Shame: From Shadow to Healing
As the snow melts and mud dries, spring cleaning can reveal areas of our lives or aspects of ourselves we might not have wanted to see, much like we may pick up a board that has been on the ground all winter, and discover slugs underneath it. It is natural and healthy in this time to bring to the light that which has been hidden in the dark. That is why this week I would like to explore an emotion with you that is often left in the shadows: shame.
John Bradshaw, author of the important book Healing the Shame That Binds You, outlines two kinds of shame. Healthy shame provides balanced remorse for things you do, think and say that do not support your highest good or the good of all. It is part of your human nature as it helps you flourish, learn and grow. However, toxic shame holds on to “mine” and binds you to harmful behaviours. It thwarts and undermines your brilliance, joy and fulfilment.
The roots for toxic shame can be traced to your youngest years, when your true self may have been judged as not good enough by your primary caregivers. I deeply believe that people do the best they can at any given moment. There is no need to lay blame. Yet, if your caregivers are identified with feeling not enough, then they inadvertently teach it and pass it on. You may have felt that there was a fundamental lack in your being, that you are inherently flawed. Toxic shame arises as a result of this essential misperception.

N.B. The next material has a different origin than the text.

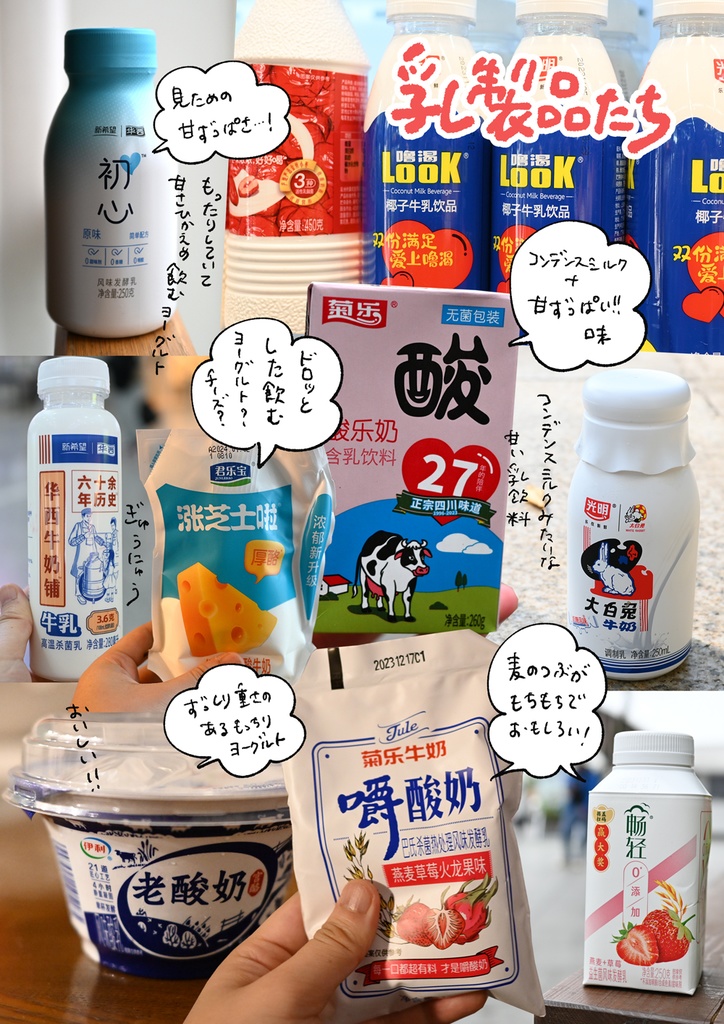 【紙|A5版】よく麺をすすりパンダをじっとりながめる成都・雅安の旅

Toxic shame is hard to see because it hides in the dark. Yet it is surprisingly common. It shows you how and where you are identified with your shadowy self. It is a fundamental motivator behind pain-driven behaviours to which you may be prone, such as compulsions, co-dependency, addictions and the drive to over or underachieve, which I call “the gotta get it rights”. These compulsions can break down families and friendships and destroy our personal or professional lives. To some extent or another, most people suffer from some degree of shame, hidden in the recesses of their psyches. That is what shame does. It stays where we cannot see it. Yet out of our conscious sight, it wreaks havoc on our lives. Shame undermines the expression of your authentic self and your ability to live your true potential.
You may think you are the only one who does things you want to hide from others and from yourself. But in truth, many people struggle with feelings of personal shame and self-disgust. Because hiding supports shame, it’s important to remember that the more down on yourself you feel, the more you feed shame.
Whether or not you are dealing with toxic or healthy shame, it is not to be “fixed”, but gently revealed. The energy caught in your hidden, severed and disowned places needs to be slowly brought back from the dark and moved into the light. As you learn to witness shame with self-love, kindness and understanding, you integrate these places into who you are. In that place of whole self-acceptance, you naturally release shame.
The misperception that you are fundamentally flawed also needs healing. Not because you are wrong, bad, ugly, awful or damaged, but indeed because all of these are untrue, an illusion perpetuated by your wounded self-perception. It exists because you give it power. You hang on to it. Yet at the same time you fear that it’s the truth, so you hide it away.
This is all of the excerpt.